## Dataset entries
Segment Open
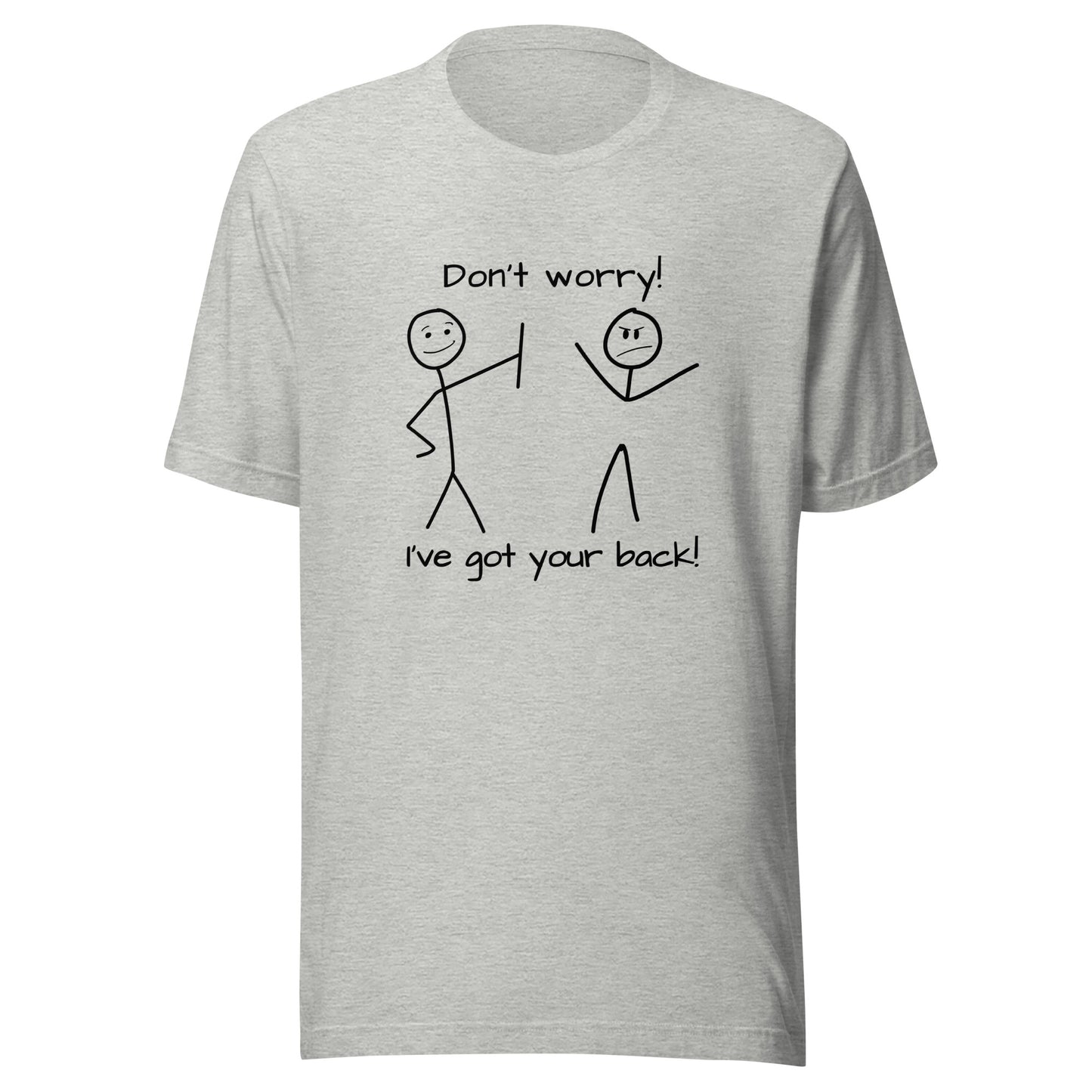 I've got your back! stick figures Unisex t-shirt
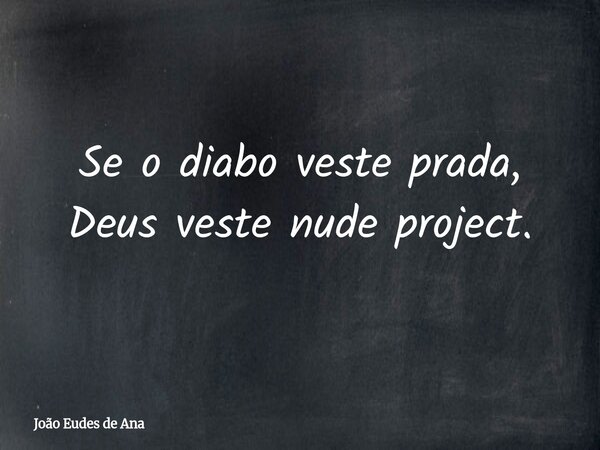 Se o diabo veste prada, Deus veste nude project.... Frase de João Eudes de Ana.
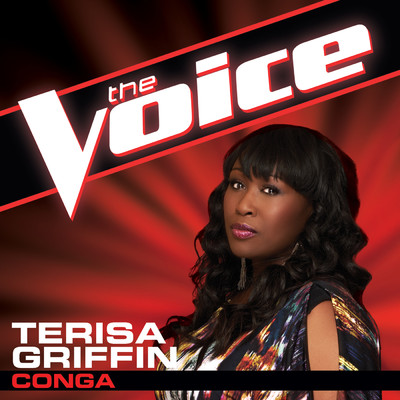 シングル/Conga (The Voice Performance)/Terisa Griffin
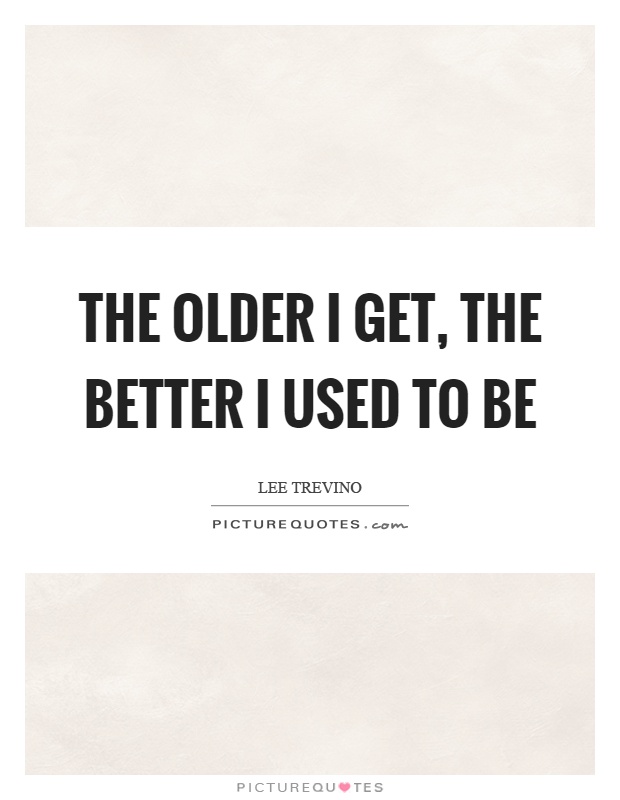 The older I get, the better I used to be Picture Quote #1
Segment Closed
Segment Open
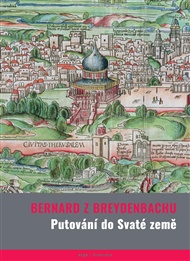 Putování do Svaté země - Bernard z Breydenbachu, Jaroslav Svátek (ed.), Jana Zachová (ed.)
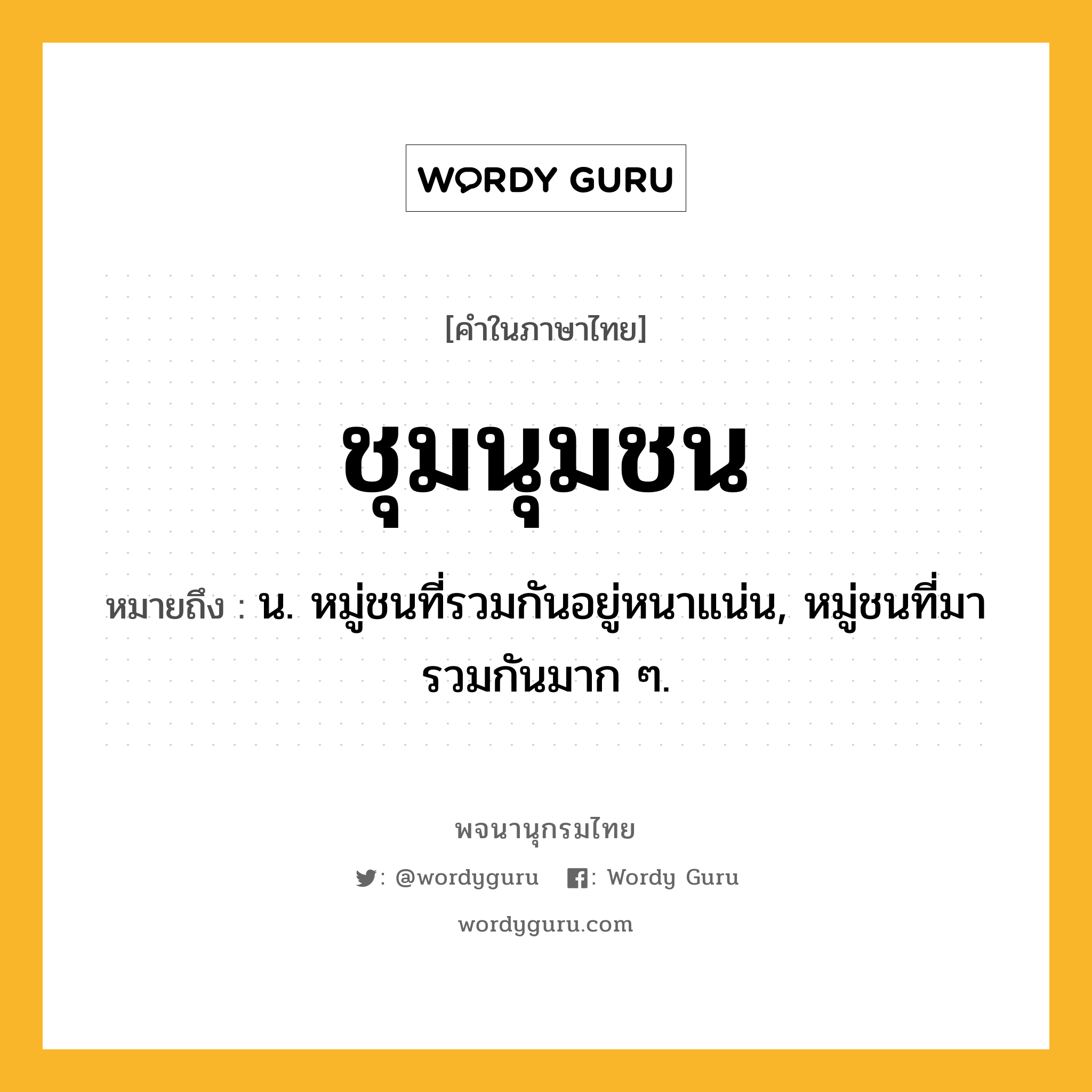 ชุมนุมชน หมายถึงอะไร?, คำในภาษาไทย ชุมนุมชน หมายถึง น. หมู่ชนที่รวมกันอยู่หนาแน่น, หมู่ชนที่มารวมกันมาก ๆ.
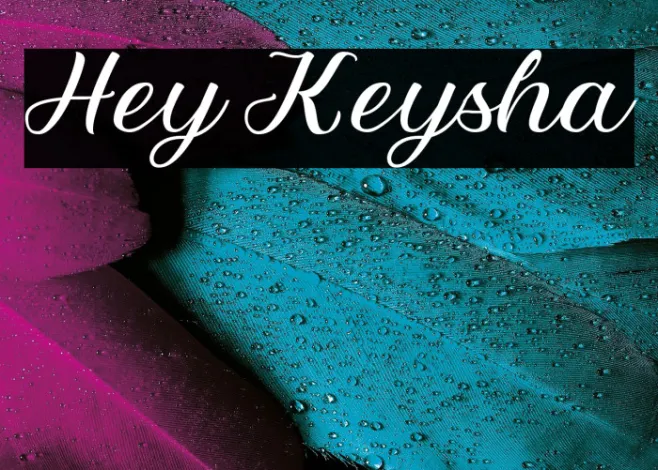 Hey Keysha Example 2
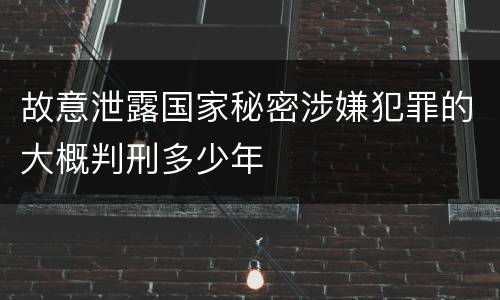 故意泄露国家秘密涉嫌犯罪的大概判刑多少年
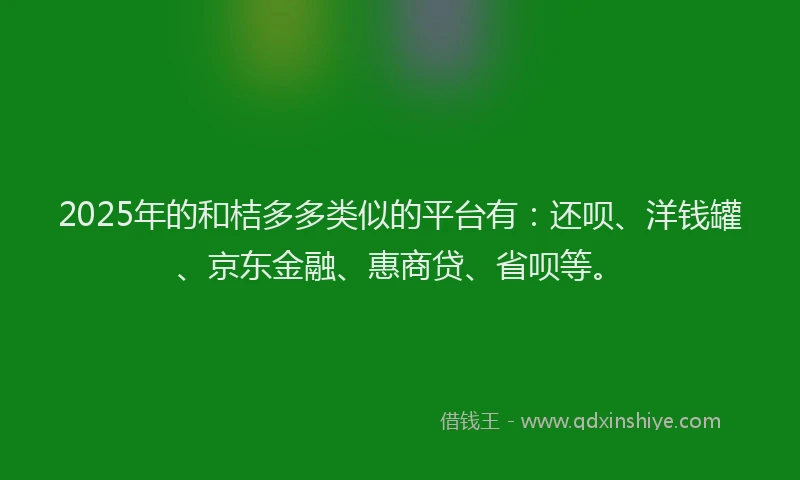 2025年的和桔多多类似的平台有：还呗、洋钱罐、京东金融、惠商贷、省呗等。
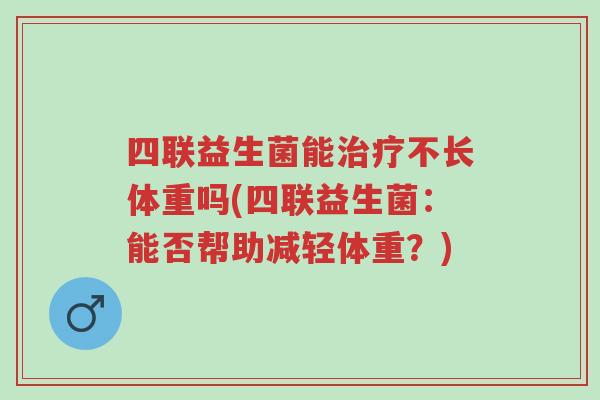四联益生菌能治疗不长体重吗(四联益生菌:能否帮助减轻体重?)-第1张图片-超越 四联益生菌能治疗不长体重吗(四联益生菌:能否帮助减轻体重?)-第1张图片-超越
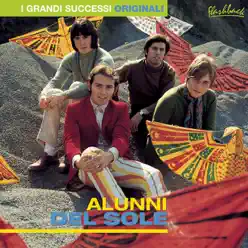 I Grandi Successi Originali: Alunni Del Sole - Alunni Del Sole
Segment Closed
## What needs to be done
Out of the records above, please copy exactly the lines from the line with "I've got your" up to and including the line with "The older I", minus the pictures.

## Expected output
 I've got your back! stick figures Unisex t-shirt
 Se o diabo veste prada, Deus veste nude project.... Frase de João Eudes de Ana.
 シングル/Conga (The Voice Performance)/Terisa Griffin
 The older I get, the better I used to be Picture Quote #1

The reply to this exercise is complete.